DATASET RECORDS |

————

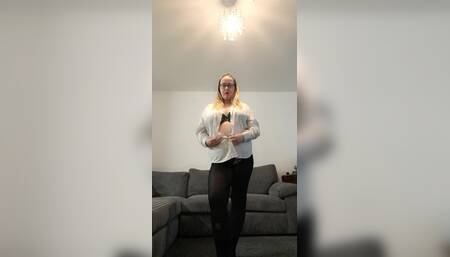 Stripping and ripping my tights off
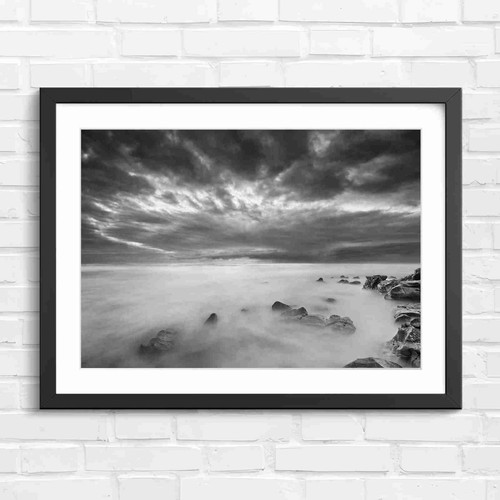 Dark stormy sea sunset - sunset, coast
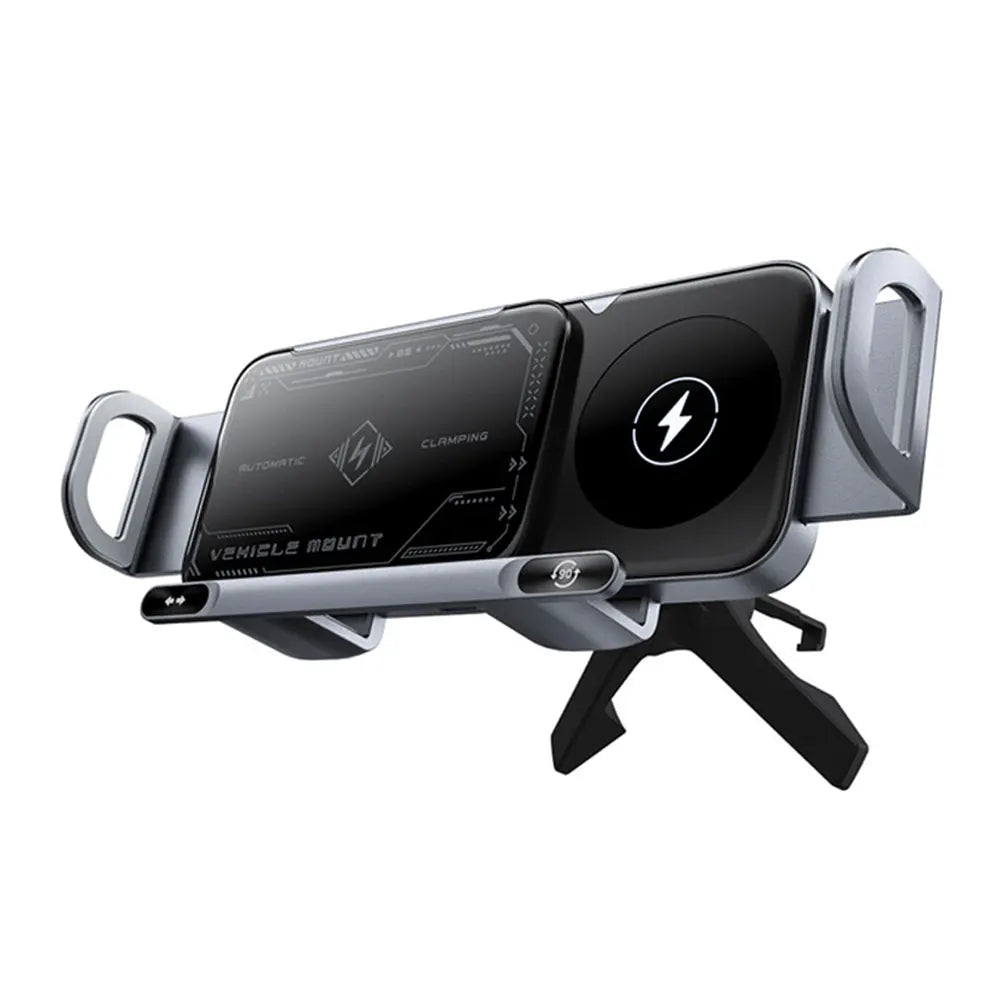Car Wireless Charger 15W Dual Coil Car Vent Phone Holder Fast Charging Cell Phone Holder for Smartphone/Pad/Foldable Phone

————

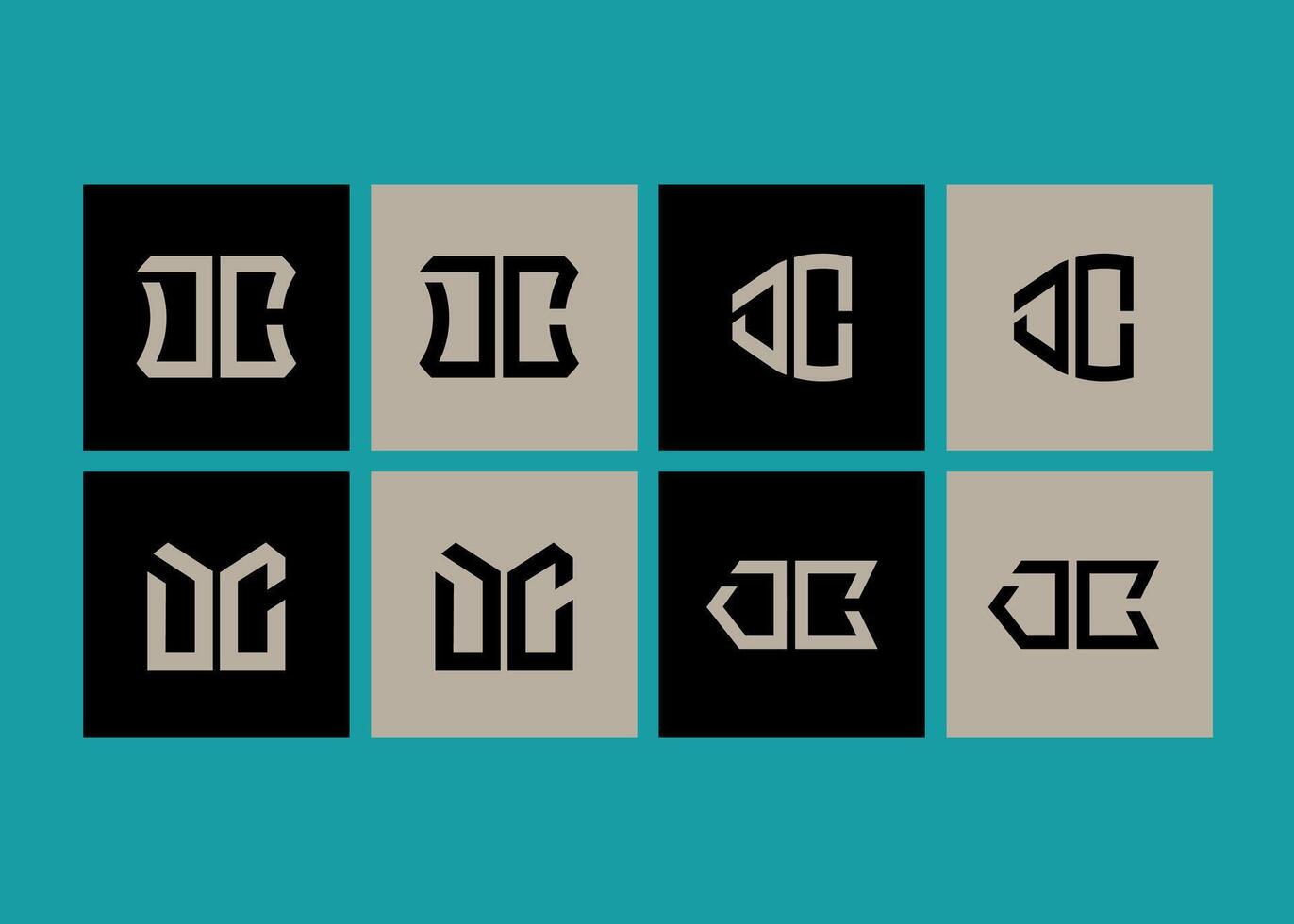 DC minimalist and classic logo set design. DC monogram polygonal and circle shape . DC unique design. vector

————

WHAT YOU HAVE TO DO | An exact copy is needed of the stretch above that opens with the line containing "Stripping and ripping my tights off" and closes with the line containing "Car Wireless Charger"; the pictures are not part of it.

TASK ANSWER |
 Stripping and ripping my tights off
 Dark stormy sea sunset - sunset, coast
Car Wireless Charger 15W Dual Coil Car Vent Phone Holder Fast Charging Cell Phone Holder for Smartphone/Pad/Foldable Phone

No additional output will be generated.